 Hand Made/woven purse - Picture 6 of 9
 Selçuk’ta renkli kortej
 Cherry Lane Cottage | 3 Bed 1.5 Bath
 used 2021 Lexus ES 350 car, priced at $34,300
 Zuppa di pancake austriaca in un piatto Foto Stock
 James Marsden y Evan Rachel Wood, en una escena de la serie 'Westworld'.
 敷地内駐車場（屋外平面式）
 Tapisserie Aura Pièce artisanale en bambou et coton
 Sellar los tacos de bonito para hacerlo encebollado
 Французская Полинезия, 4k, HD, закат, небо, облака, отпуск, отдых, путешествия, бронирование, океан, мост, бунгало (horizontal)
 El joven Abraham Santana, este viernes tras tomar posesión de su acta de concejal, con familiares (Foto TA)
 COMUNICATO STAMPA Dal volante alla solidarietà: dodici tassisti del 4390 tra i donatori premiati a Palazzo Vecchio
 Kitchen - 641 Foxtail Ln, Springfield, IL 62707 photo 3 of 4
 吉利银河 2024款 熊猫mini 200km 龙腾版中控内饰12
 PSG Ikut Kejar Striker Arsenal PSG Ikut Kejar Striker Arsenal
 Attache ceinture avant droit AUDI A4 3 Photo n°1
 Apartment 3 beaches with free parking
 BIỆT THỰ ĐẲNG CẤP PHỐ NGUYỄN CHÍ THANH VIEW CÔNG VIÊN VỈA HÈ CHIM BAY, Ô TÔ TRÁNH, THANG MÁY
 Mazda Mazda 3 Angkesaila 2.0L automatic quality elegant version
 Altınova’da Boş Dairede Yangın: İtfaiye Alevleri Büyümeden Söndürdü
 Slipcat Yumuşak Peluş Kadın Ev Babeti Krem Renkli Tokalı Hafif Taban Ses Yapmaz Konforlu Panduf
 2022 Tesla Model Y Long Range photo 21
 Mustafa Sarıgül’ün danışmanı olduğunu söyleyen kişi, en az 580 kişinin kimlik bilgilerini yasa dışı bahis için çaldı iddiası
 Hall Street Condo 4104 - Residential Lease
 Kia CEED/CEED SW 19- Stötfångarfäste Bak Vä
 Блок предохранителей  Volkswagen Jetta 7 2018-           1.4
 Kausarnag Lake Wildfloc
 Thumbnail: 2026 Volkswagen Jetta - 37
--------------------------------------------------
From the line holding "Mustafa Sarıgül’ün danışmanı" down to the last line of the records above, restate each line exactly as written.

» Result for this task
 Mustafa Sarıgül’ün danışmanı olduğunu söyleyen kişi, en az 580 kişinin kimlik bilgilerini yasa dışı bahis için çaldı iddiası
 Hall Street Condo 4104 - Residential Lease
 Kia CEED/CEED SW 19- Stötfångarfäste Bak Vä
 Блок предохранителей  Volkswagen Jetta 7 2018-           1.4
 Kausarnag Lake Wildfloc
 Thumbnail: 2026 Volkswagen Jetta - 37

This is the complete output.